**EXERCISE AIM:** The material below includes pictures; leave them out and return only the lines between the line containing "Mikihas WalkaWood - Sandal" and the line containing "Vintage Coastal Organic", inclusive, word for word.

**DATA RECORDS:**
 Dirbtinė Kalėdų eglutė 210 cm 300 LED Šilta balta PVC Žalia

==

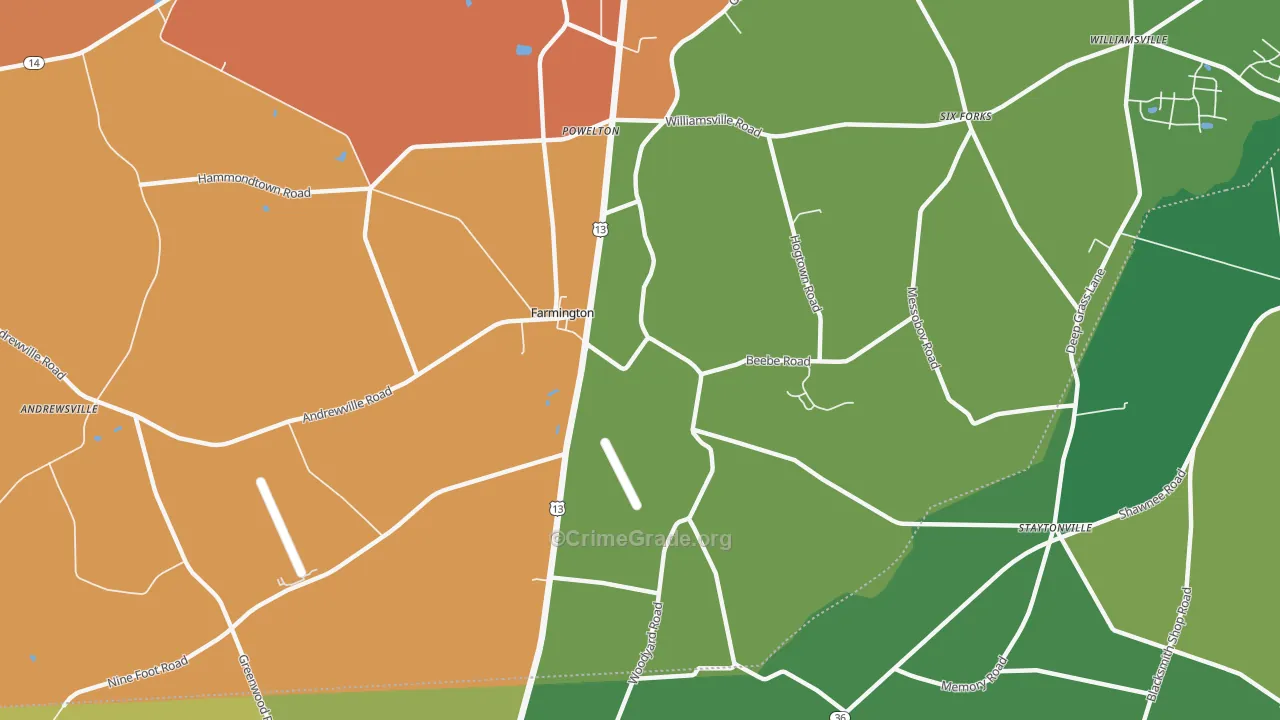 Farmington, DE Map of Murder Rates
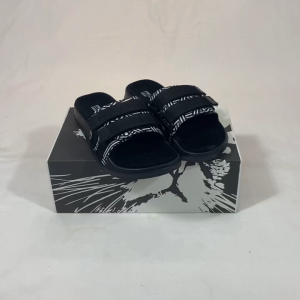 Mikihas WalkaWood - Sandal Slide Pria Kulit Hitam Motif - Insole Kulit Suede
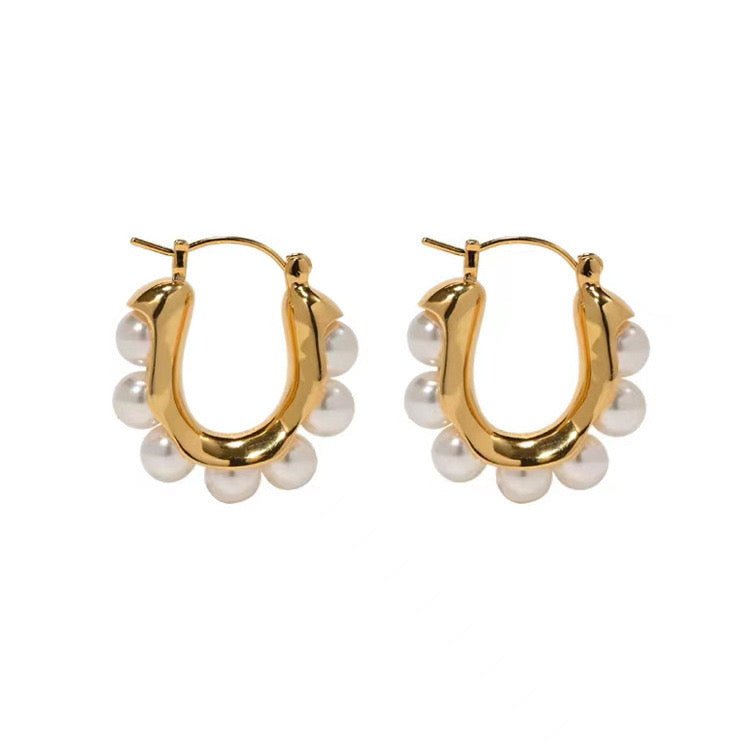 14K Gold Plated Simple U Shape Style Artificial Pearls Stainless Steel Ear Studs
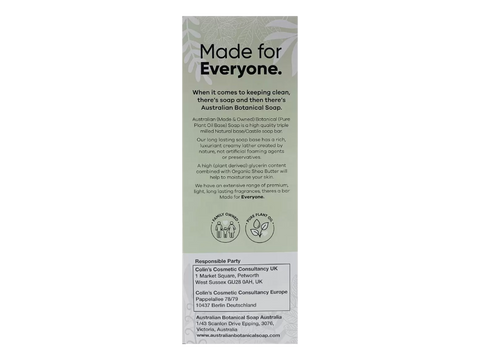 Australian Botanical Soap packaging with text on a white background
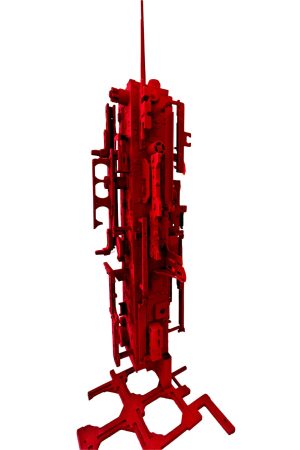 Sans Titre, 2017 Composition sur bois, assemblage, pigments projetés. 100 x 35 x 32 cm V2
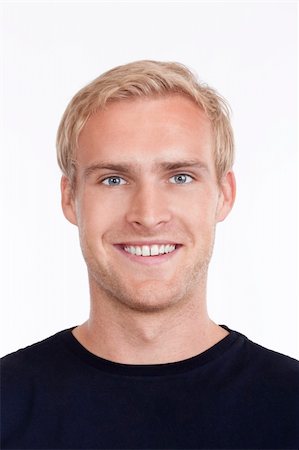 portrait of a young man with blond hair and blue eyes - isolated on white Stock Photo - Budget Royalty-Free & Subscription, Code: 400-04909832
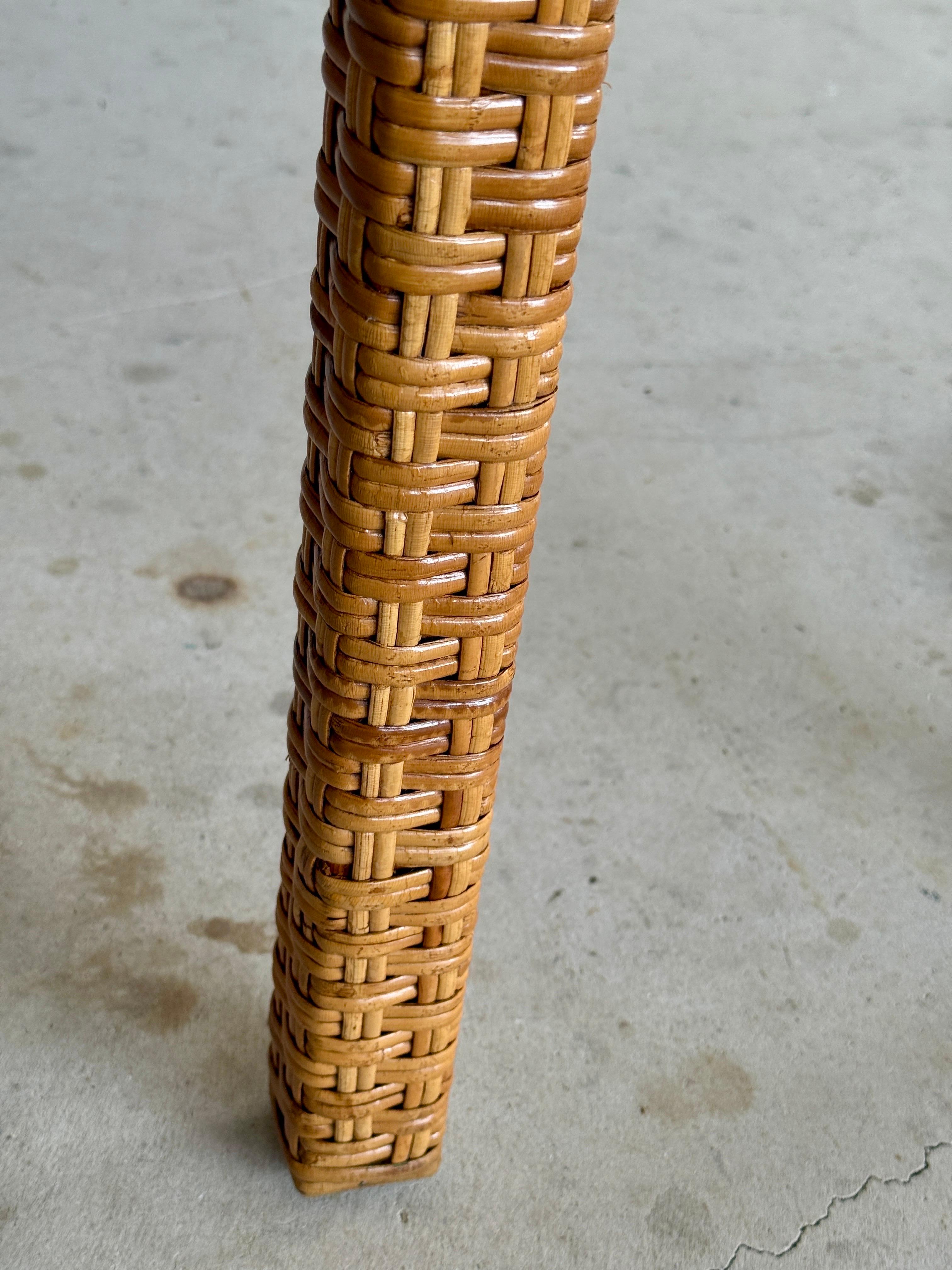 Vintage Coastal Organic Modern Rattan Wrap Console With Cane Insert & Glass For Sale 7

---

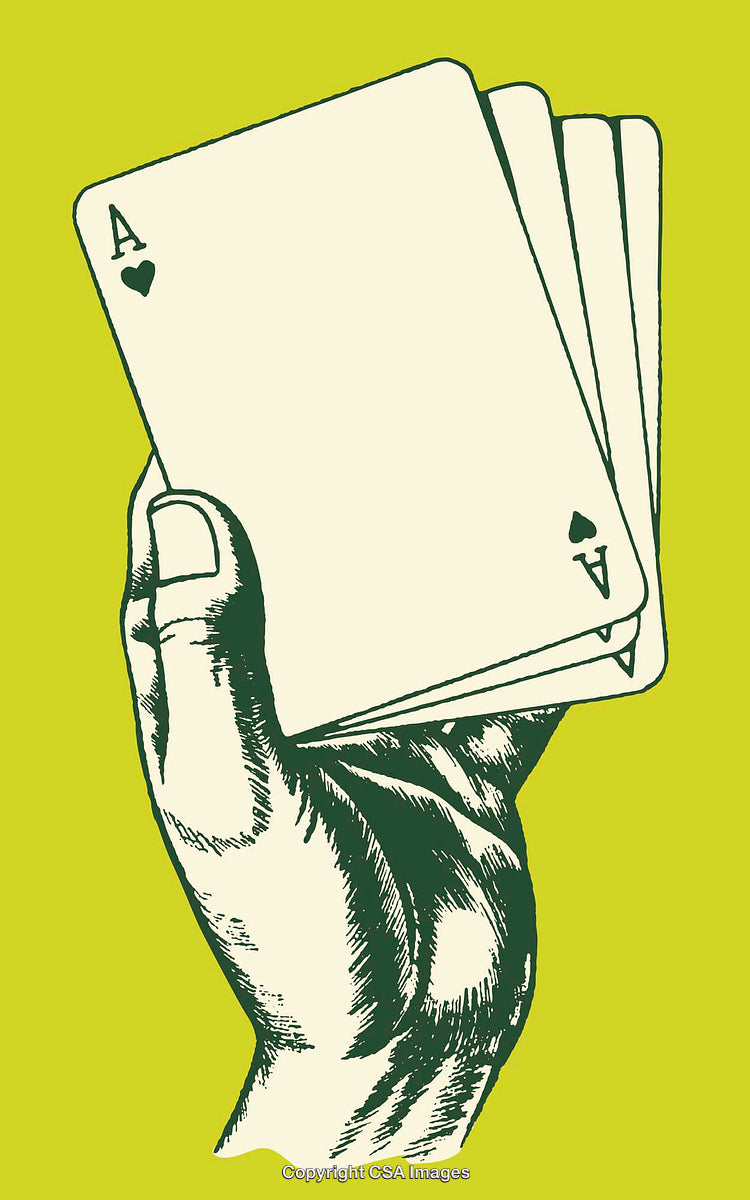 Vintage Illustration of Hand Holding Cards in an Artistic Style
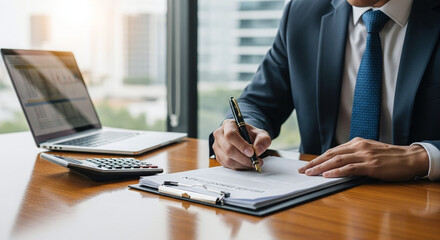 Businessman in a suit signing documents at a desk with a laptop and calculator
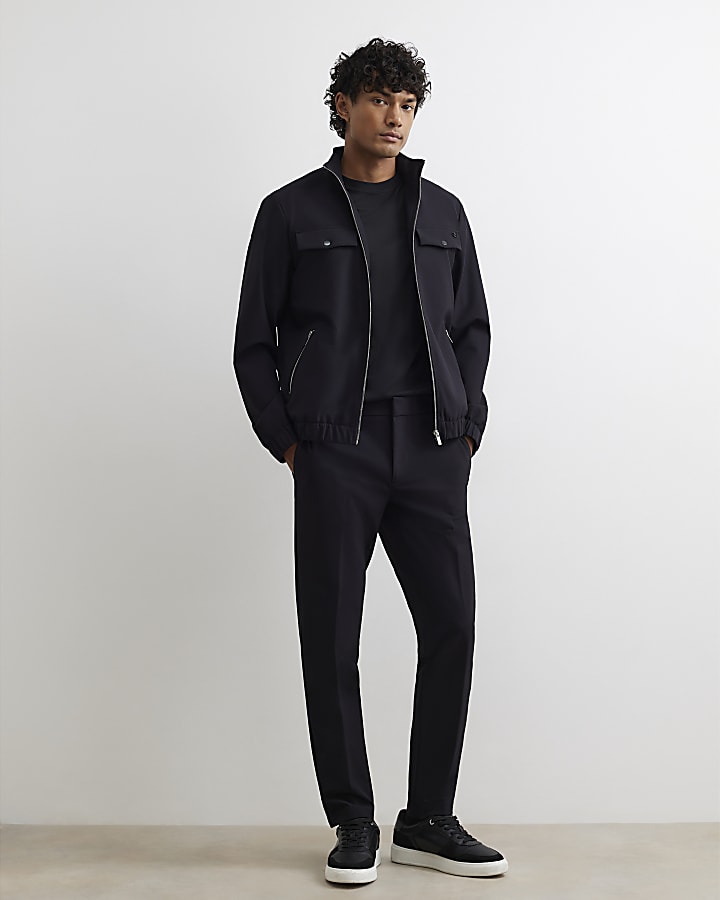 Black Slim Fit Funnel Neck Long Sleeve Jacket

**REPLY:**
 Mikihas WalkaWood - Sandal Slide Pria Kulit Hitam Motif - Insole Kulit Suede
 14K Gold Plated Simple U Shape Style Artificial Pearls Stainless Steel Ear Studs
 Australian Botanical Soap packaging with text on a white background
 Sans Titre, 2017 Composition sur bois, assemblage, pigments projetés. 100 x 35 x 32 cm V2
 portrait of a young man with blond hair and blue eyes - isolated on white Stock Photo - Budget Royalty-Free & Subscription, Code: 400-04909832
 Vintage Coastal Organic Modern Rattan Wrap Console With Cane Insert & Glass For Sale 7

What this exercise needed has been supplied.